Crawled caption data:
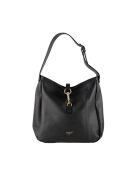 Bandolera Lexid de piel negra - 28x28x11 cm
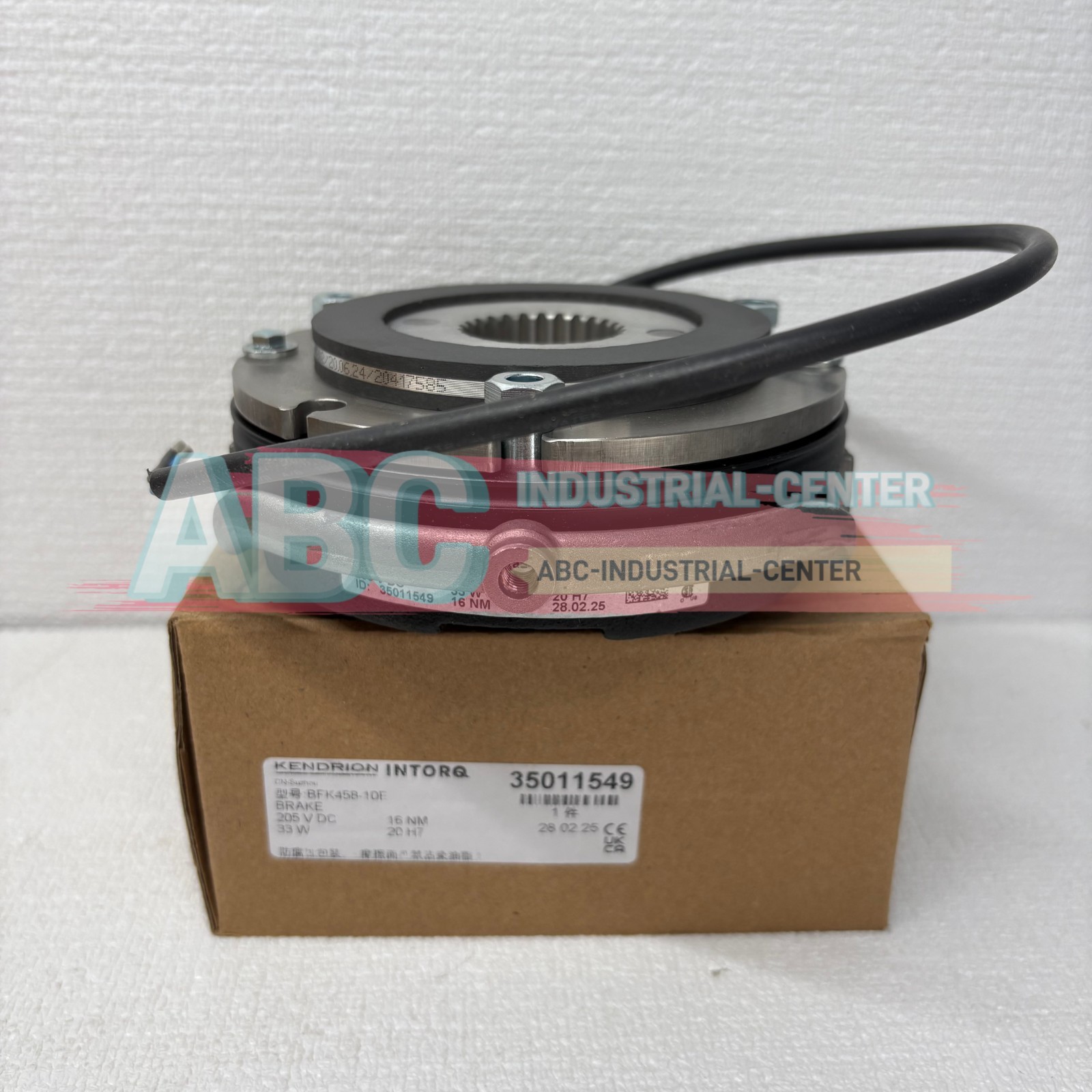 1PCS New INTORQ BFK458-10E 205VDC 33W 16NM（35011549) Brake#expedited delivery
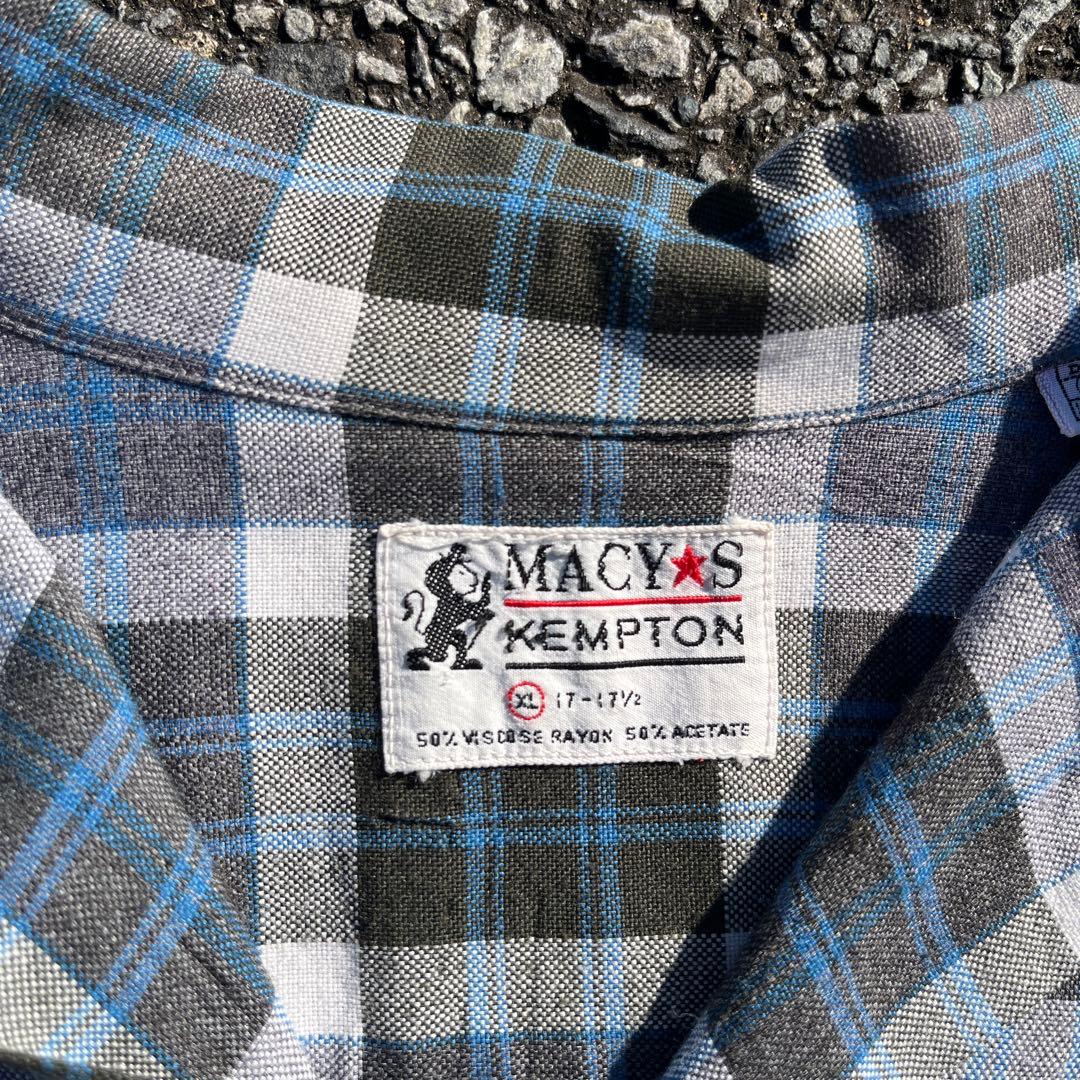 50~60s MACYS KEMPTON Check rayon Shirts - トップス最低 価格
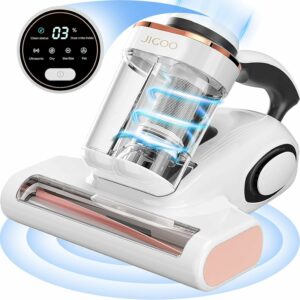 Aspirapolvere antiacaro JIGOO J300 con luce UV per materassi e tessuti  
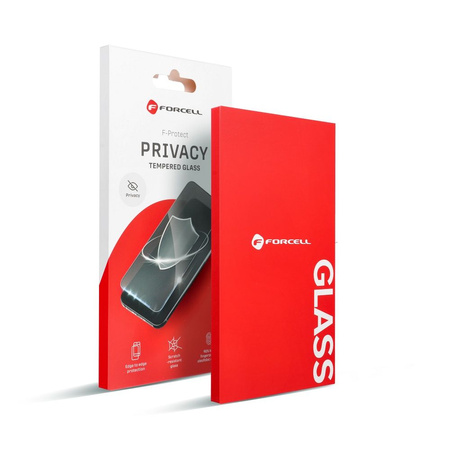 Szkło Hartowane Forcell Privacy Glass - do Iphone XS Max / 11 Pro Max czarny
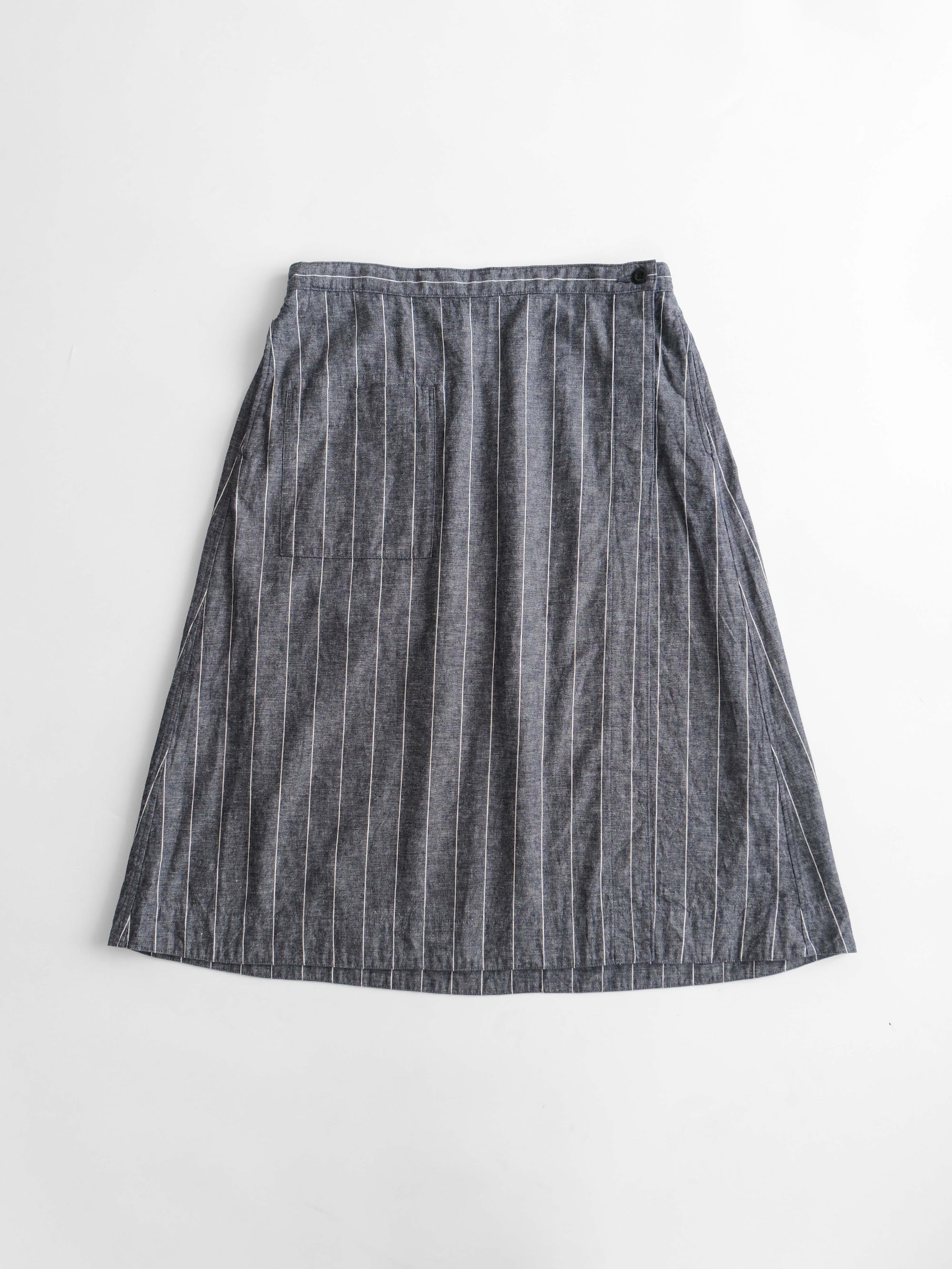 MARGERET HOWELL STRIPES GREY MHL SKIRT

PROBLEM:
Set down all the lines above exactly as they appear, with no pictures.

ANSWER TO THE PROBLEM:
 Bandolera Lexid de piel negra - 28x28x11 cm
 1PCS New INTORQ BFK458-10E 205VDC 33W 16NM（35011549) Brake#expedited delivery
 50~60s MACYS KEMPTON Check rayon Shirts - トップス最低 価格
 Aspirapolvere antiacaro JIGOO J300 con luce UV per materassi e tessuti  
 Szkło Hartowane Forcell Privacy Glass - do Iphone XS Max / 11 Pro Max czarny
 MARGERET HOWELL STRIPES GREY MHL SKIRT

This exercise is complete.